Jeanne fait trois voyages à l'aéroport, trois escales qui l'amènent peu à peu à se dévoiler au lecteur, mais aussi à reprendre pied dans sa propre vie.
Il y a d'abord la souffrance. On comprend qu'on accompagne le personnage alors qu'elle en est à son point de fracture, sur le bord de l'abime. Et puis on remonte le fil des souvenirs. Ses parents dont elle a « l'impression de porter le bonheur fragile » entre ses mains, son frère qui « prend de la place. Toute la place. Toujours. Tout le temps » avec sa différence, « son diagnostic [de] trois mètres de long avec plein de lettres mélangées comme si on jouait au Scrabble ». Puis il y a son besoin de trouver quelque chose à quoi se raccrocher. On la sent qui tangue. Partir pour l'Ailleurs, ou pas. Arriver à demander de l'aide, ou pas. Et au fil de ses présences à l'aéroport, on la voit cheminer, remettre en question sa vie, sa peine, sa solitude, son envie de partir. Jusqu'à la finale, plus lumineuse que ce qu'on aurait pu croire au départ.
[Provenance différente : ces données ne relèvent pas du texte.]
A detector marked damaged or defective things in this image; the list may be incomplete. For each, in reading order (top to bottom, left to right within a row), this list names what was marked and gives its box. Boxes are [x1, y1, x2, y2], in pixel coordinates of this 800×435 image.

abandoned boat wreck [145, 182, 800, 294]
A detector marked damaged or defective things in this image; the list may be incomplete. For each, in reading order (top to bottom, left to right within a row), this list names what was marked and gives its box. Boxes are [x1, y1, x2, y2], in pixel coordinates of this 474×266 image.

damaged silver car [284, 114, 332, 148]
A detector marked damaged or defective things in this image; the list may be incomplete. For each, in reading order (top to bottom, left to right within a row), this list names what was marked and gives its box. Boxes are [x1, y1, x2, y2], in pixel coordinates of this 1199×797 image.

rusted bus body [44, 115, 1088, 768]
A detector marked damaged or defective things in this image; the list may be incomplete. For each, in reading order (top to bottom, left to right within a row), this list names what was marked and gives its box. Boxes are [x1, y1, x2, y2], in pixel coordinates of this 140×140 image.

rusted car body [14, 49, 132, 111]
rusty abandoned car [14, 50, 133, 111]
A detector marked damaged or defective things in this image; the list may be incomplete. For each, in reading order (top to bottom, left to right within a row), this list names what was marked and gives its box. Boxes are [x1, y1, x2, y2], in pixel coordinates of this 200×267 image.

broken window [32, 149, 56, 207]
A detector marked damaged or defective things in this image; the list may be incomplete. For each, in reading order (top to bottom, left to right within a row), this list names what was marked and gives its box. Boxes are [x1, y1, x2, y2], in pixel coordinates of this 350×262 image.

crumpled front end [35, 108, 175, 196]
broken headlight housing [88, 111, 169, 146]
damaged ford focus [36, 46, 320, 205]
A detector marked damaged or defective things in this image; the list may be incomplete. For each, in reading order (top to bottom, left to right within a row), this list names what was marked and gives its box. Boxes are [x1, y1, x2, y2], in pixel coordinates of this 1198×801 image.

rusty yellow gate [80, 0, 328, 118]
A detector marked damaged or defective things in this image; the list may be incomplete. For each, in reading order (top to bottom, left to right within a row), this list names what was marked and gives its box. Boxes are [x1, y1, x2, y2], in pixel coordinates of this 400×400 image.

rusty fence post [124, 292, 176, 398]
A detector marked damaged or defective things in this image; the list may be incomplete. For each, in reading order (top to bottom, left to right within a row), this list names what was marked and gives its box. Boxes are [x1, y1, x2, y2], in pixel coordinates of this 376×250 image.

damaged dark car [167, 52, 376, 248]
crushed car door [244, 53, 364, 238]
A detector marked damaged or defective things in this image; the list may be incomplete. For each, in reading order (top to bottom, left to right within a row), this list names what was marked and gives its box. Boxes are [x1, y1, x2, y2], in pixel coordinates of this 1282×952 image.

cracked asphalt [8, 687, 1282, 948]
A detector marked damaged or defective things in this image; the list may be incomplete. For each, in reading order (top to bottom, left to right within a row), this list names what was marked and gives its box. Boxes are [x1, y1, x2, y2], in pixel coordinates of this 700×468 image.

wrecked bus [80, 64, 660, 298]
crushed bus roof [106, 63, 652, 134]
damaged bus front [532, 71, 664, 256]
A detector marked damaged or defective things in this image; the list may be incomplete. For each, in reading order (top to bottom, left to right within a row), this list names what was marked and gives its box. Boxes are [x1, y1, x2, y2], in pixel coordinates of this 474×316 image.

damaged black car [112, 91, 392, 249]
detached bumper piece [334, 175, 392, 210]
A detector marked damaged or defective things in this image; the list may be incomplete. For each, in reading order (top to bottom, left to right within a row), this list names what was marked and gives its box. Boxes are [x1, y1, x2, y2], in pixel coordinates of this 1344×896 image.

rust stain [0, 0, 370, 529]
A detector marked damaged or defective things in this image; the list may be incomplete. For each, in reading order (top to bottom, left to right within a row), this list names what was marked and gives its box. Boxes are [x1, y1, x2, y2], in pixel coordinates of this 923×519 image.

Pour porter cette histoire bien particulière,
Nadine Descheneaux utilise une langue travaillée, courtepointe d'images, et exploite toutes les possibilités de l'aéroport, traçant des parallèles entre la vie qui s'y trouve et les pensées de Jeanne. C'est un récit lent, presque hypnotique, ponctué de passages plus forts, de moments plus introspectifs, toujours avec le fil d'Ariane du départ.
« J'étais venue me reconduire. Je repars avec moi. »
Un livre singulier, inattendu, une oeuvre à relire quelques fois, pour la savourer, mais aussi pour en comprendre toute la portée.